Task objective » Exact copy, no pictures: return only the lines below from the line with "Luminaire suspendu conique" up to and including the line with "Volkswagen Tiguan - 1.4".

Material for the task »
[Start of Attachment]

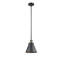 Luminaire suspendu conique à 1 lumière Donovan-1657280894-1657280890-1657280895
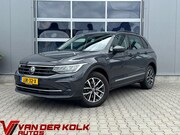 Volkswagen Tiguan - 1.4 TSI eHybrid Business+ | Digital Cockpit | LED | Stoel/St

[End of Attachment]
[Start of Attachment]

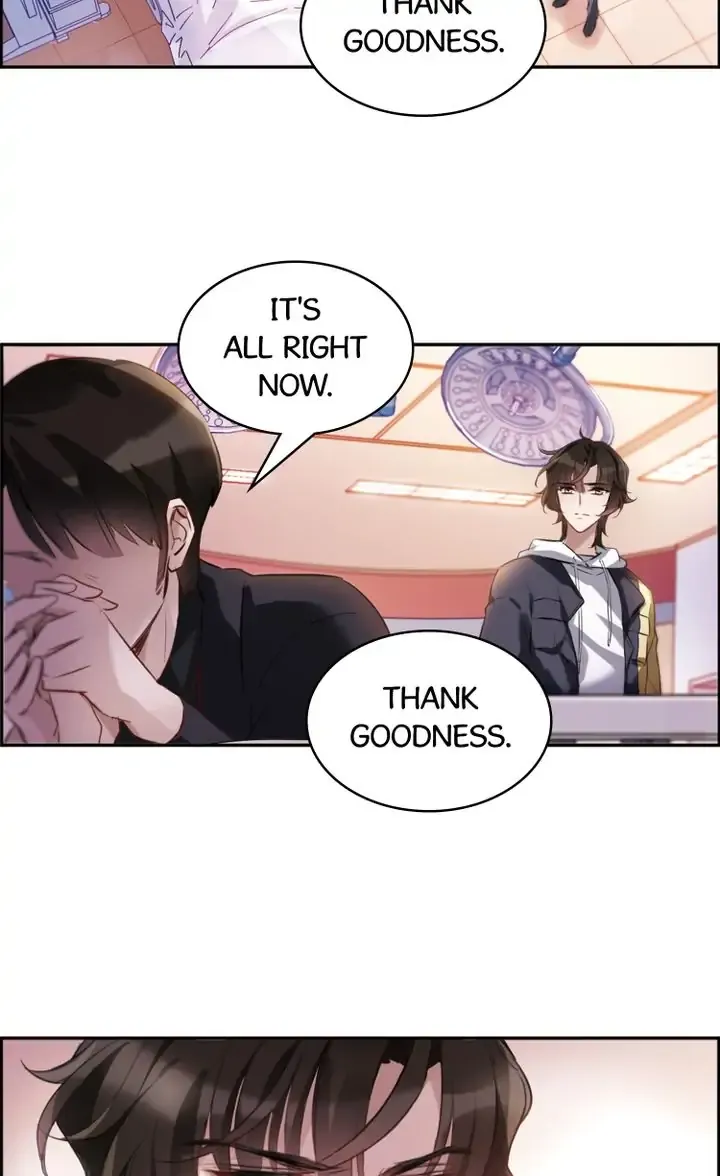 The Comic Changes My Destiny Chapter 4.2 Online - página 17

[End of Attachment]

Written reply »
 Luminaire suspendu conique à 1 lumière Donovan-1657280894-1657280890-1657280895
 Volkswagen Tiguan - 1.4 TSI eHybrid Business+ | Digital Cockpit | LED | Stoel/St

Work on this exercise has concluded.